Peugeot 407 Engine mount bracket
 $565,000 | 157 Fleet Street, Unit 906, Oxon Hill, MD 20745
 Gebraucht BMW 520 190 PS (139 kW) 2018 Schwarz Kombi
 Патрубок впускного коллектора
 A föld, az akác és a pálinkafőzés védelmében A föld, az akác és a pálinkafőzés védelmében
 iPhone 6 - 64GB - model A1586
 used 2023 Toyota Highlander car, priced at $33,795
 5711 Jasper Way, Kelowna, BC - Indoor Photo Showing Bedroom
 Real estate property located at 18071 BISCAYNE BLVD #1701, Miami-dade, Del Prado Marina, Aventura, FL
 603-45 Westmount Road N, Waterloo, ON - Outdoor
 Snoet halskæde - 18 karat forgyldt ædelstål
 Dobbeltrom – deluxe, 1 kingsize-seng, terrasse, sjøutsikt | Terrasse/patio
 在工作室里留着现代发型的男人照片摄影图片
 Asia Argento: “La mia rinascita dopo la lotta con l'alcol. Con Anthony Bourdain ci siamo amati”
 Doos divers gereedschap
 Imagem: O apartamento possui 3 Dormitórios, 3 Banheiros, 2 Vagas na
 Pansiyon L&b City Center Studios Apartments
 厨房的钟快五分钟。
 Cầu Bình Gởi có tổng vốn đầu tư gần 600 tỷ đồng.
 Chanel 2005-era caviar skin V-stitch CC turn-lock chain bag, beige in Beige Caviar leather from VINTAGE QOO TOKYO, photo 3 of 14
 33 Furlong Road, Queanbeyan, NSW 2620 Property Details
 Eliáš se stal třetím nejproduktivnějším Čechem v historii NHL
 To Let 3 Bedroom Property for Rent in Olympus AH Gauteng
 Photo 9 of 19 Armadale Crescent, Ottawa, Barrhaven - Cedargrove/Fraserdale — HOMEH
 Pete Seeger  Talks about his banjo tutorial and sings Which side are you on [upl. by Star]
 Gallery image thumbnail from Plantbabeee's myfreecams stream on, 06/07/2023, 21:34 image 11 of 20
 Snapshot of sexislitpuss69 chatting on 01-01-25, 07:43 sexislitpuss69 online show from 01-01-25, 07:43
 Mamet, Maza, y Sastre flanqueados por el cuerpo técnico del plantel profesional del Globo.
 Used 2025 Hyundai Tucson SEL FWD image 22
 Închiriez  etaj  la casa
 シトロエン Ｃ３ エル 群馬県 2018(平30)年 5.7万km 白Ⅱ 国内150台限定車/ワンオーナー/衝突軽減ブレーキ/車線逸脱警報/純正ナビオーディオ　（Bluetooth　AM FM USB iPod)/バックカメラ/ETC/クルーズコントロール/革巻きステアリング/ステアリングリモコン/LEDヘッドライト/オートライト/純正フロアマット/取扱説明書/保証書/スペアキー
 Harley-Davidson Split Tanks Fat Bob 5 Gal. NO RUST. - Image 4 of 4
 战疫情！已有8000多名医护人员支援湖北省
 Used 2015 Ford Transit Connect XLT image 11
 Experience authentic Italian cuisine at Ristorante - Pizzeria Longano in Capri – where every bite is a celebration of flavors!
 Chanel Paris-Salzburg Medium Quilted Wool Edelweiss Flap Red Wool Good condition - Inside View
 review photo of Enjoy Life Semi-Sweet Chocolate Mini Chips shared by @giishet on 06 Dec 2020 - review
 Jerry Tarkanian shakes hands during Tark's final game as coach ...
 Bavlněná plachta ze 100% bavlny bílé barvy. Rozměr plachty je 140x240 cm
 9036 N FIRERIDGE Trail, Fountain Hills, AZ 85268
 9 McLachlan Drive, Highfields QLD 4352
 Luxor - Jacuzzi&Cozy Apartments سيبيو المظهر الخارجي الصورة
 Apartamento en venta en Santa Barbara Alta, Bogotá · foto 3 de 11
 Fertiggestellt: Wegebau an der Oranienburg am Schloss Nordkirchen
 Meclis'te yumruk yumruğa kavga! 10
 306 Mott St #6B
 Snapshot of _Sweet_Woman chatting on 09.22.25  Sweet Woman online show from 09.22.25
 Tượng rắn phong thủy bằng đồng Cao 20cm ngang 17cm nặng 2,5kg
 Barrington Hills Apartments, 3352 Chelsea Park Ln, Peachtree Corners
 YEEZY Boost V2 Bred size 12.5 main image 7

━━━

*Problem details*
The entries above hold the needed span. Transcribe exactly the lines from the one with "mia rinascita dopo" to the one with "Bavlněná plachta ze", both included.

*Solution*
 Asia Argento: “La mia rinascita dopo la lotta con l'alcol. Con Anthony Bourdain ci siamo amati”
 Doos divers gereedschap
 Imagem: O apartamento possui 3 Dormitórios, 3 Banheiros, 2 Vagas na
 Pansiyon L&b City Center Studios Apartments
 厨房的钟快五分钟。
 Cầu Bình Gởi có tổng vốn đầu tư gần 600 tỷ đồng.
 Chanel 2005-era caviar skin V-stitch CC turn-lock chain bag, beige in Beige Caviar leather from VINTAGE QOO TOKYO, photo 3 of 14
 33 Furlong Road, Queanbeyan, NSW 2620 Property Details
 Eliáš se stal třetím nejproduktivnějším Čechem v historii NHL
 To Let 3 Bedroom Property for Rent in Olympus AH Gauteng
 Photo 9 of 19 Armadale Crescent, Ottawa, Barrhaven - Cedargrove/Fraserdale — HOMEH
 Pete Seeger  Talks about his banjo tutorial and sings Which side are you on [upl. by Star]
 Gallery image thumbnail from Plantbabeee's myfreecams stream on, 06/07/2023, 21:34 image 11 of 20
 Snapshot of sexislitpuss69 chatting on 01-01-25, 07:43 sexislitpuss69 online show from 01-01-25, 07:43
 Mamet, Maza, y Sastre flanqueados por el cuerpo técnico del plantel profesional del Globo.
 Used 2025 Hyundai Tucson SEL FWD image 22
 Închiriez  etaj  la casa
 シトロエン Ｃ３ エル 群馬県 2018(平30)年 5.7万km 白Ⅱ 国内150台限定車/ワンオーナー/衝突軽減ブレーキ/車線逸脱警報/純正ナビオーディオ　（Bluetooth　AM FM USB iPod)/バックカメラ/ETC/クルーズコントロール/革巻きステアリング/ステアリングリモコン/LEDヘッドライト/オートライト/純正フロアマット/取扱説明書/保証書/スペアキー
 Harley-Davidson Split Tanks Fat Bob 5 Gal. NO RUST. - Image 4 of 4
 战疫情！已有8000多名医护人员支援湖北省
 Used 2015 Ford Transit Connect XLT image 11
 Experience authentic Italian cuisine at Ristorante - Pizzeria Longano in Capri – where every bite is a celebration of flavors!
 Chanel Paris-Salzburg Medium Quilted Wool Edelweiss Flap Red Wool Good condition - Inside View
 review photo of Enjoy Life Semi-Sweet Chocolate Mini Chips shared by @giishet on 06 Dec 2020 - review
 Jerry Tarkanian shakes hands during Tark's final game as coach ...
 Bavlněná plachta ze 100% bavlny bílé barvy. Rozměr plachty je 140x240 cm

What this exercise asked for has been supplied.